“Smartphone calculators are either really clunky and hard to use, or they are only useful enough to calculate something basic, like a tip,” says Arun Jeevanantham, a senior at Mass Academy of Math & Science at WPI. “They are very cluttered and any complex calculation is difficult.”
So, Jeevanantham and fellow senior Da-Jin Chu entered the national Congressional App Challenge—along with 2,152 other entrants from across the country. The two were among the contest winners with their invention, Sandbox, a gesture-based calculator app.
Arun Jeevanantham
The 2016 competition, aimed at teaching high schoolers how to use code by creating their own applications, was the first time Mass Academy participated.
“’Here’s an opportunity for students to get recognized for their hard work and achievements,’” computer science teacher Angela Taricco remembers thinking when she heard of the event. She sent the email about the competition to all her senior students, knowing that many, like Jeevanantham and Chu, already had a foundation for a submission.
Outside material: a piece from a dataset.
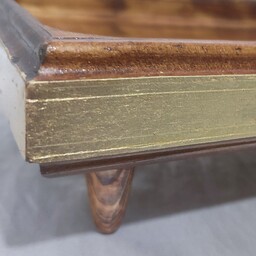 سینی پذیرایی پایه دار چوبی کارشده با ورق طلا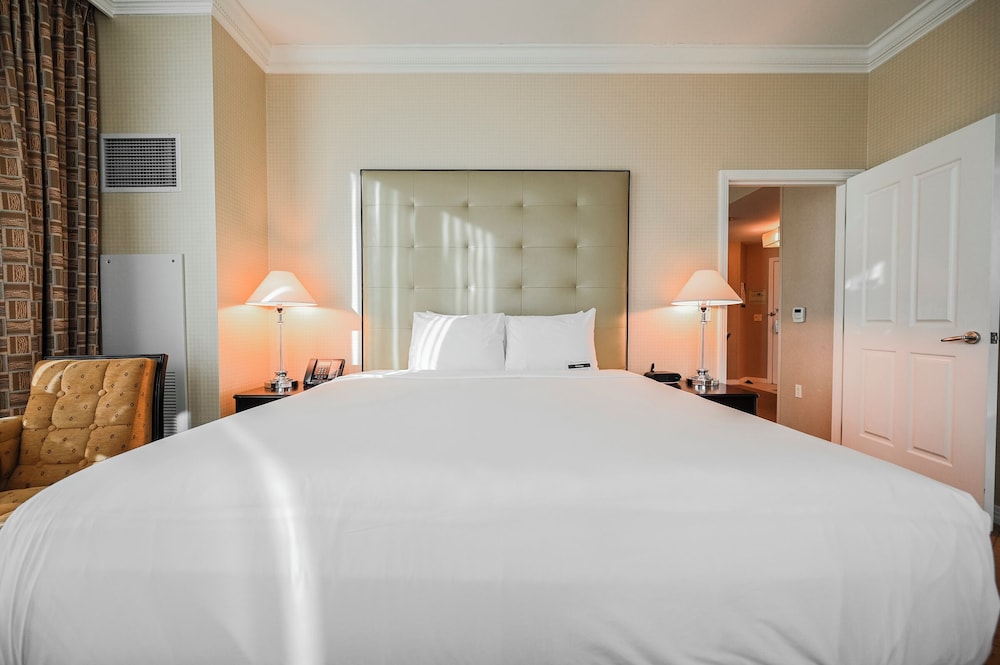 2 Bedrooms, Studio, 2 King Beds, Strip View, 2 Sofa, Balcony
“We are proud of the work and the creativity of our students,“ said Mass Academy director Michael Barney, in a press release, “and feel it is important that our school supports a great computer science program here. Kudos to our CS teacher, Angela Taricco, who prepares our students well. Da-Jin and Arun are great students, highly motivated, and very skilled. I’m sure they will enjoy the experience of meeting others who have been involved in these types of projects.”
Base entry
The work for the Congressional App Challenge, which showcases innovation and creativity, loosely mirrors a Mass Academy project some classes have done in their junior year called Apps for Good, Taricco says. In Jeevanantham and Chu's case, the two had continued working on their calculator app over the following summer.
“The goal of the Apps for Good program is to have students find a problem within their community and develop technology to help solve it,” she says. "Working collaboratively, they experienced a new-product development cycle, including technical feasibility and market research."
Da-Jin Chu
Jeevanantham says high school math students, college students, engineers, or anyone who uses a graphing calculator are the intended market users for their app. But it would also be useful to someone who just needs to perform simple calculations, he points out.
The students also developed a website for their new product. “They were passionate about it and wanted to share it with the community,” says Taricco. “It was a pretty innovative approach, and quite technically challenging. For high school students to tackle that kind of problem? I mean, companies do this.”
But in order to level up to the national contest, more work was needed, including a video presentation. Chu and Jeevanantham were up for the challenge.
“Competing … helped us make a better app; answering their questions and shooting our video refined our app and the way we pitch it to people,” says Chu.
Even after the win, they’re not done yet, says Jeevanantham. “We hope to implement more advanced features like a computer algebra system," he explains. "We want users to be able to insert graphics like graphs and images. … We also plan on allowing users to save pages and open them up later. These features will make the app a lot more useful for more advanced applications.”
"Competing helped us make a better app; answering their questions and shooting our video refined our app and the way we pitch it to people." -Da-Jin Chu
The Congressional App Challenge will invite winners from across the country to showcase their apps to members of Congress and members of the tech community at #HouseOfCode, a Washington, D.C.-based reception to be held in April. Their work will be featured for one year on permanent display in the U.S. Capitol Building, and on the house.gov website. Winning students will be awarded a portion of $50,000 in credits, donated by Amazon Web Services.